## Input data
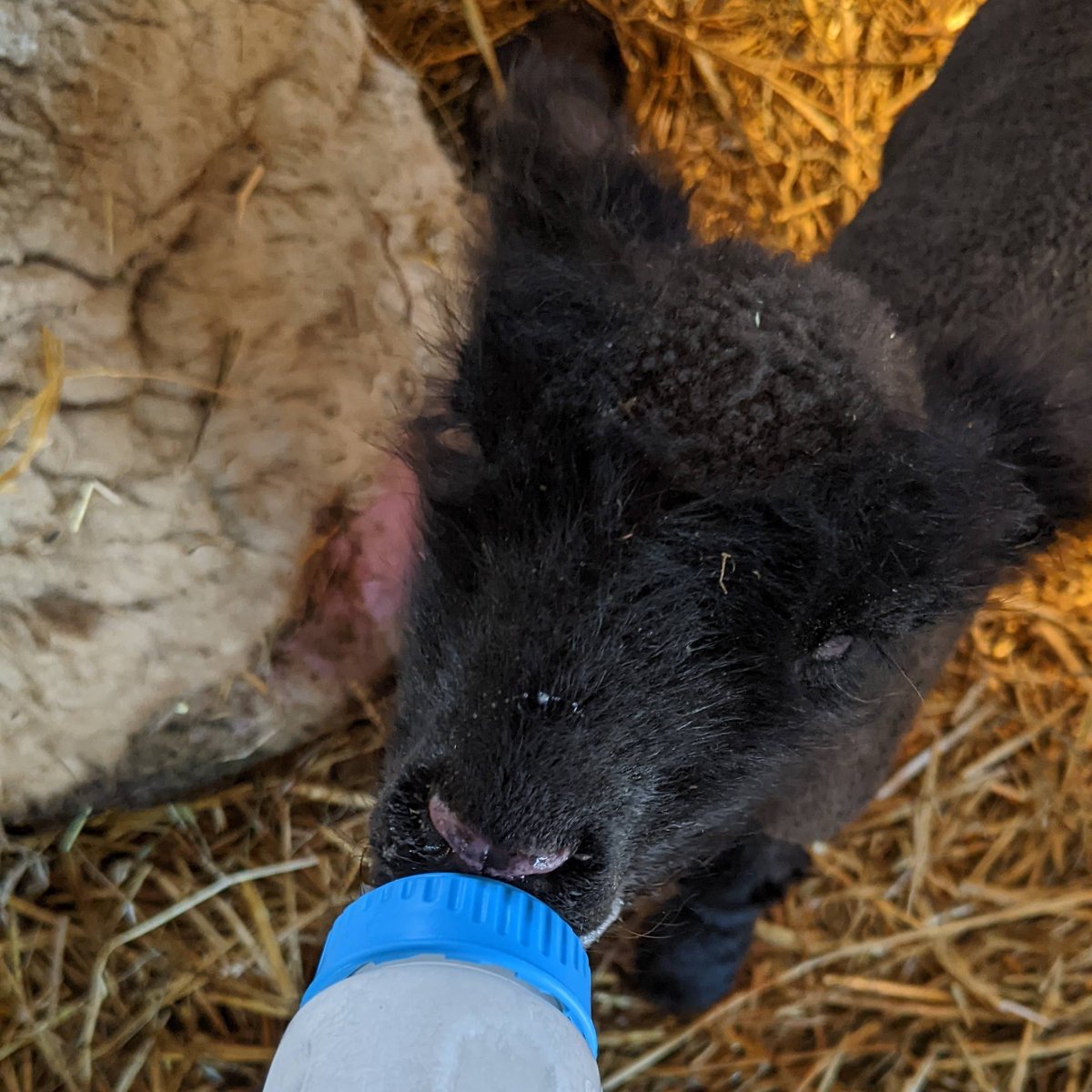 SheepThrillsOH's tweet photo. It's been a busy week! Bella had twins - a ram and ewe - on Wednesday and Elphie had a single unassisted on Thursday.
Bella's ewe lamb seems to need some extra help, so we're bottle feeding her. She has #eyebrowsfordays
#sheep
#sheep365
#lambs https://t.co/t4nFa5br27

## Task
The listing should be transcribed in full, exactly, and without its pictures.

## Solved problem
 SheepThrillsOH's tweet photo. It's been a busy week! Bella had twins - a ram and ewe - on Wednesday and Elphie had a single unassisted on Thursday.
Bella's ewe lamb seems to need some extra help, so we're bottle feeding her. She has #eyebrowsfordays
#sheep
#sheep365
#lambs https://t.co/t4nFa5br27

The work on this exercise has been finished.